(LISTED RECORDS Opens)

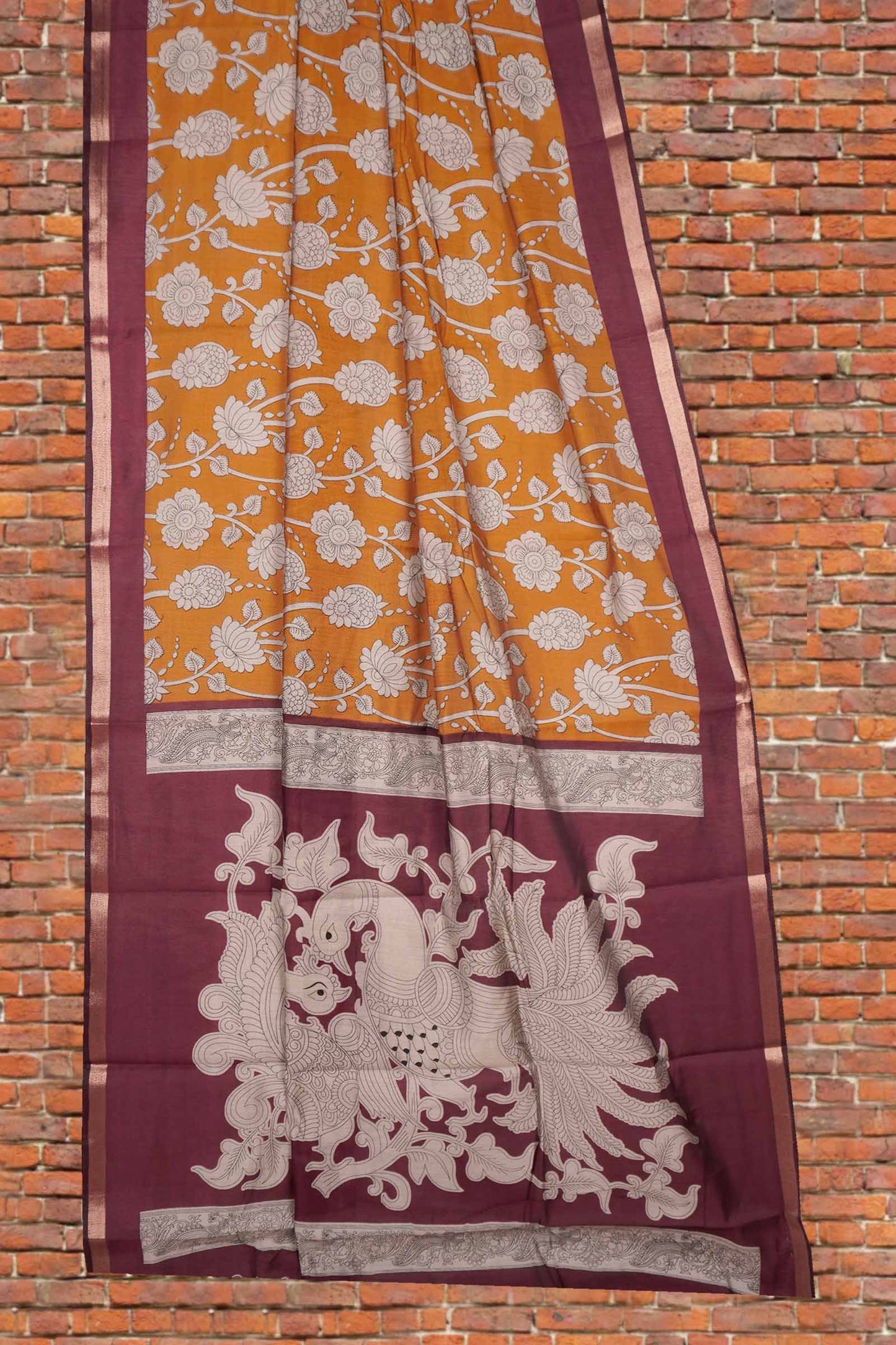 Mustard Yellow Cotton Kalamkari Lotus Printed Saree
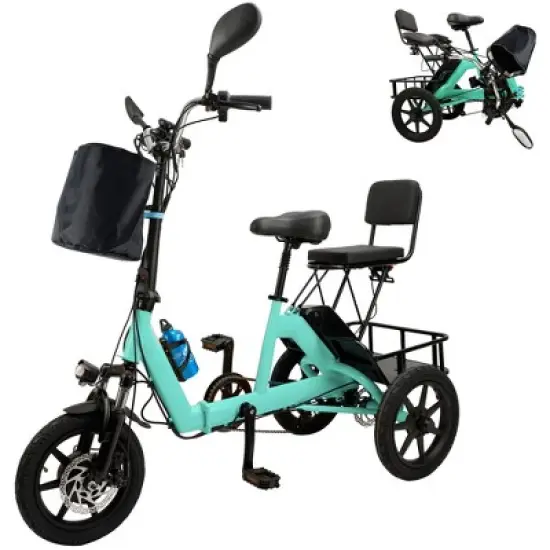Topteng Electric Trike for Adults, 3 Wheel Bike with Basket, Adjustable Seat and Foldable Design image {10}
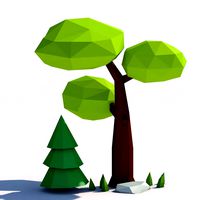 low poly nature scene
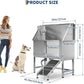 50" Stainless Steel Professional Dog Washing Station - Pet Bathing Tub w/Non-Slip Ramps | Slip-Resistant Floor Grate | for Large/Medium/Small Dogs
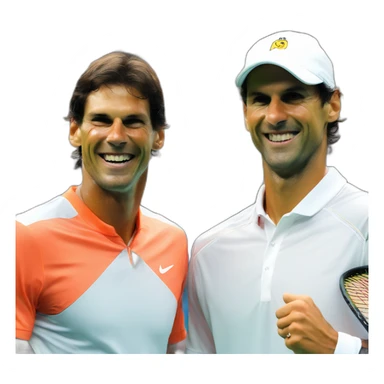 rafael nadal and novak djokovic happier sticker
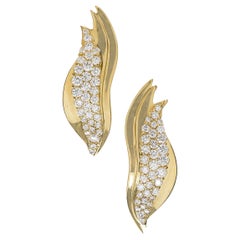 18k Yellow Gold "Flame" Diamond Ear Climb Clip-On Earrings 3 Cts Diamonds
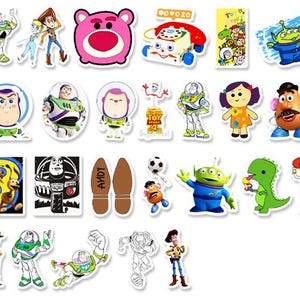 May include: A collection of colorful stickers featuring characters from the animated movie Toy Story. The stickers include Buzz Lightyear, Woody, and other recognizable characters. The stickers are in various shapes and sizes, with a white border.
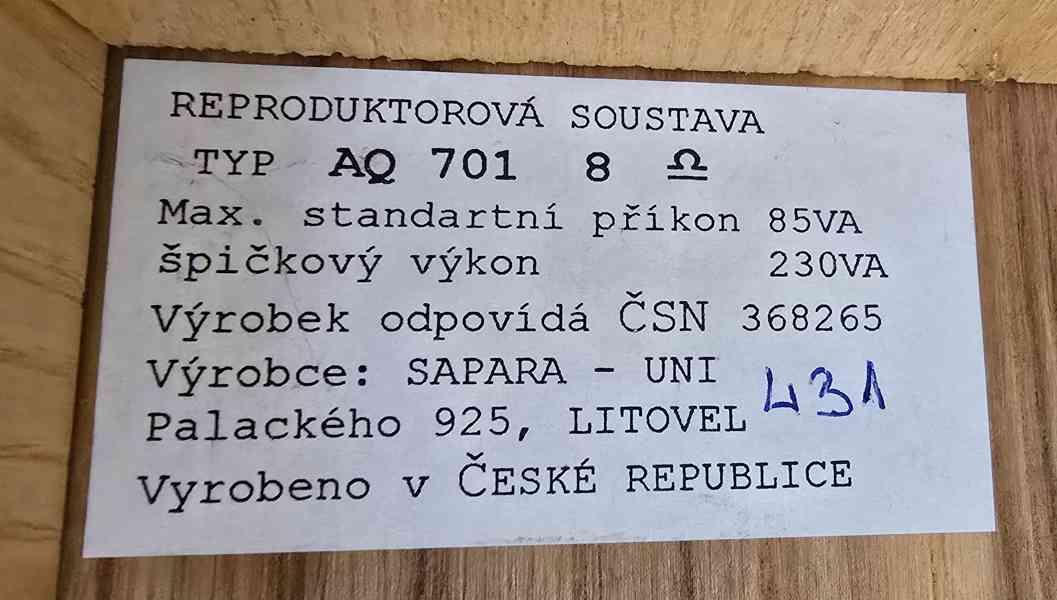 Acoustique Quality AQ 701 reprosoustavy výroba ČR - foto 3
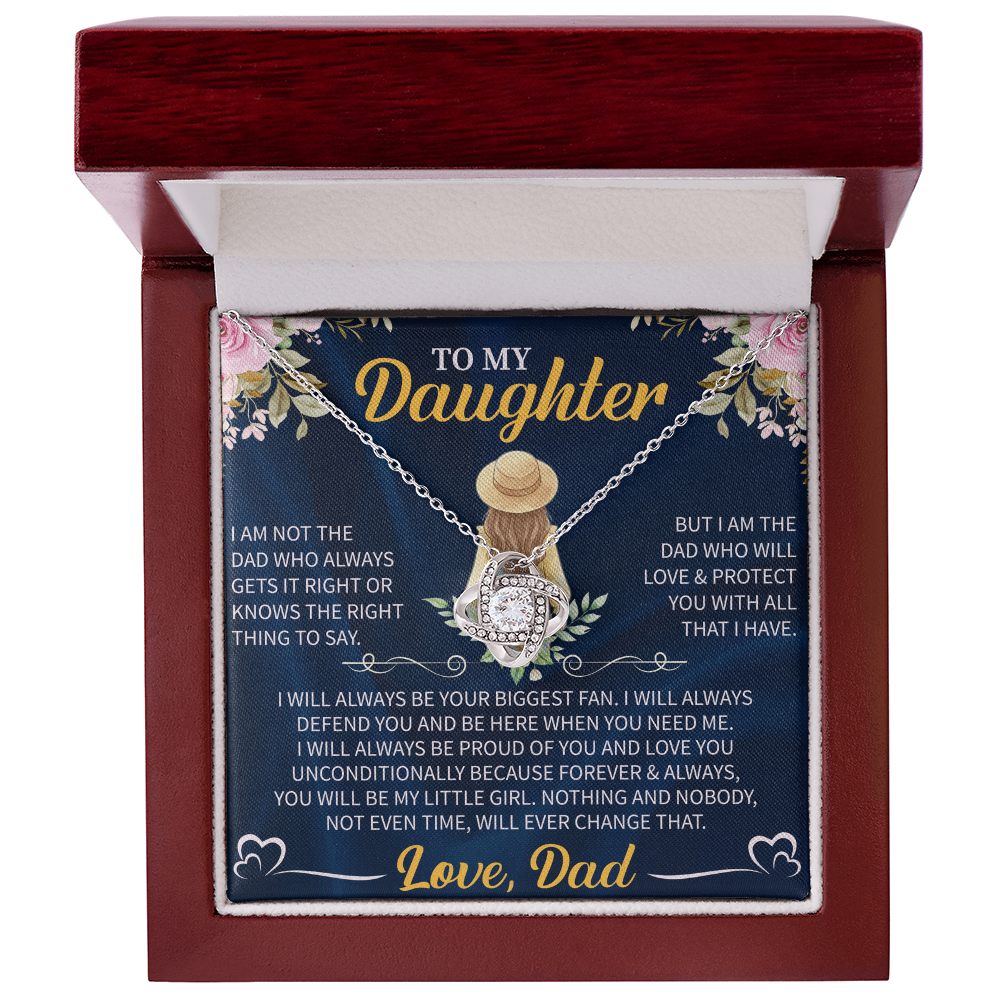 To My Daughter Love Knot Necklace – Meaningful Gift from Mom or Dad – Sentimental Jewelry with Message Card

(LISTED RECORDS Closes)
(LISTED RECORDS Opens)

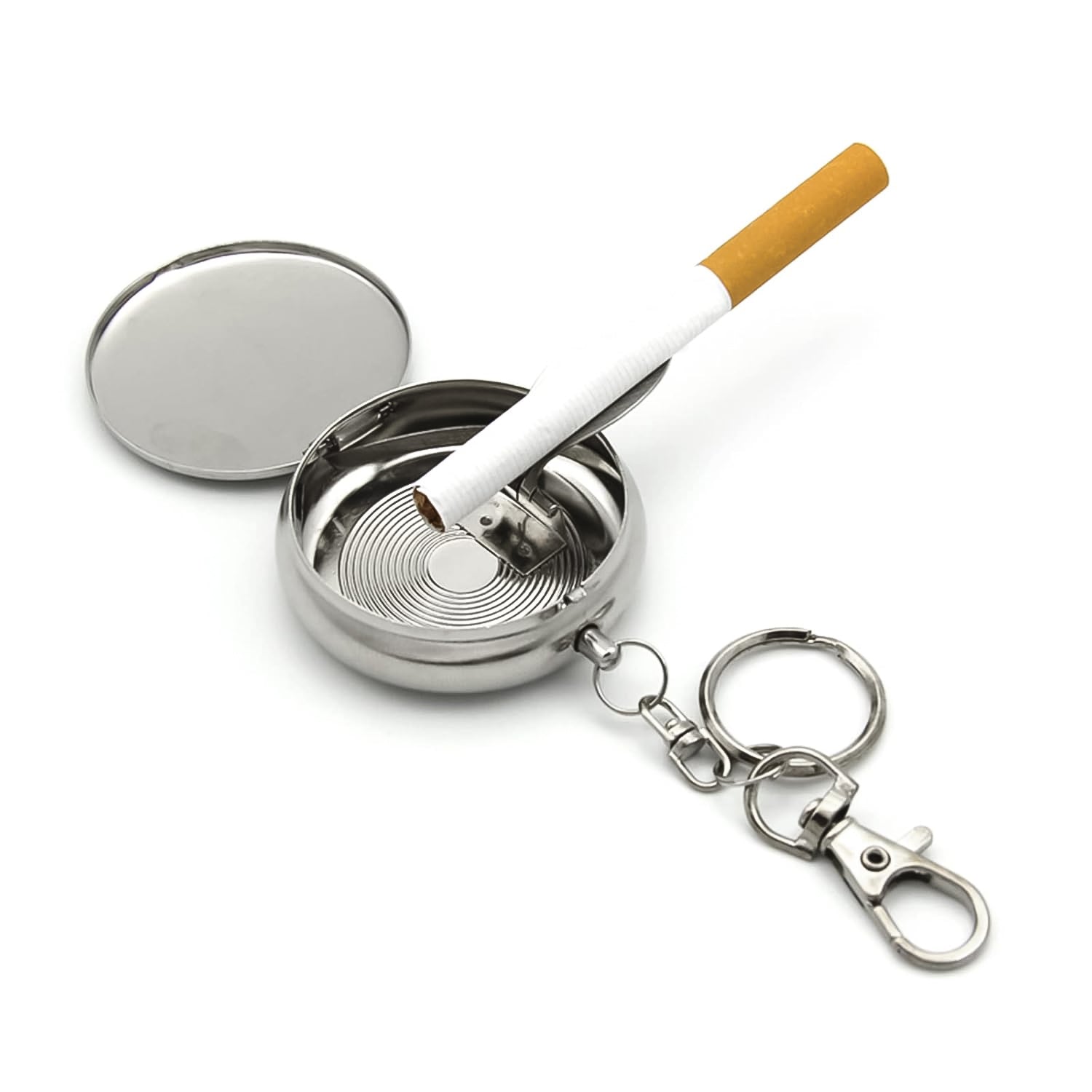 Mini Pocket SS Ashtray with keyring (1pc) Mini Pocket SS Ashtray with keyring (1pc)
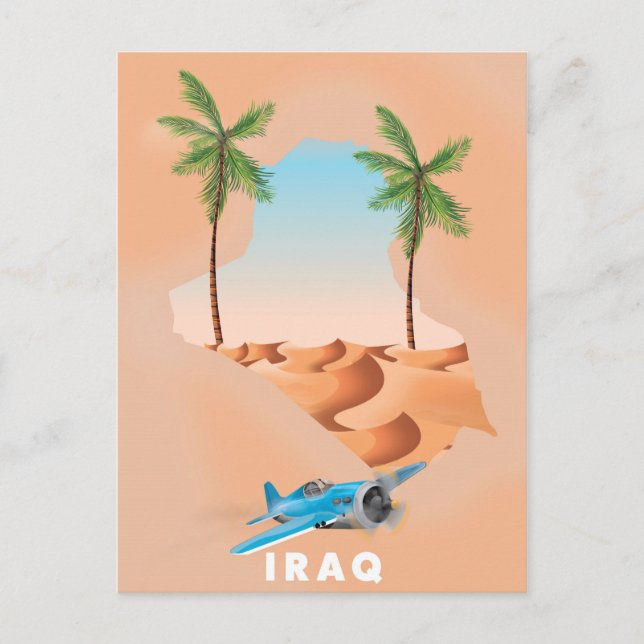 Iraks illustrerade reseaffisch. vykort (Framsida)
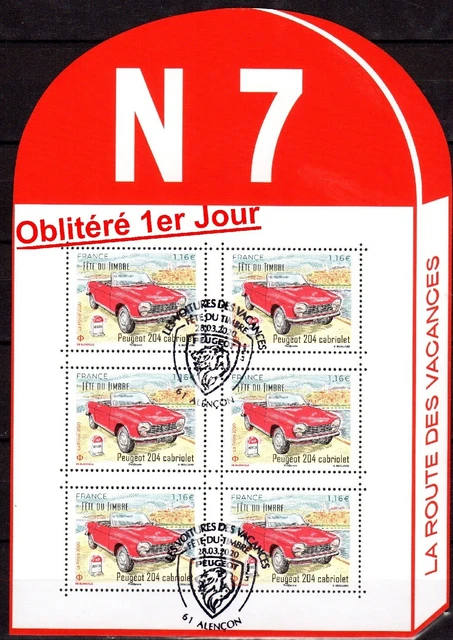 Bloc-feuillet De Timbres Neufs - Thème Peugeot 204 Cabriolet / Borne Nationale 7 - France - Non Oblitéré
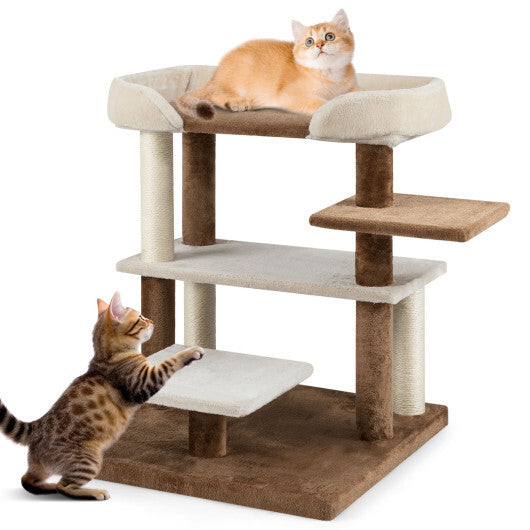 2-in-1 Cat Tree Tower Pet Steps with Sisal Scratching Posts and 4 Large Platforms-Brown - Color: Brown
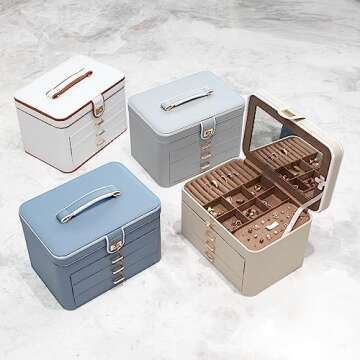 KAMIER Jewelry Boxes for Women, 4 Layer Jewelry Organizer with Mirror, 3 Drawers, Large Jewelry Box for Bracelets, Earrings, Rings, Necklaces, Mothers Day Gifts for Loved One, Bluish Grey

(LISTED RECORDS Closes)

PROBLEM TO SOLVE: Once the line with "Mustard Yellow Cotton" has been found above, output that line and every later line exactly, stopping after the line with "18k Yellow Gold", and omit the pictures.

PROBLEM SOLUTION:
 Mustard Yellow Cotton Kalamkari Lotus Printed Saree
Topteng Electric Trike for Adults, 3 Wheel Bike with Basket, Adjustable Seat and Foldable Design image {10}
 low poly nature scene
 50" Stainless Steel Professional Dog Washing Station - Pet Bathing Tub w/Non-Slip Ramps | Slip-Resistant Floor Grate | for Large/Medium/Small Dogs
 rafael nadal and novak djokovic happier sticker
 18k Yellow Gold "Flame" Diamond Ear Climb Clip-On Earrings 3 Cts Diamonds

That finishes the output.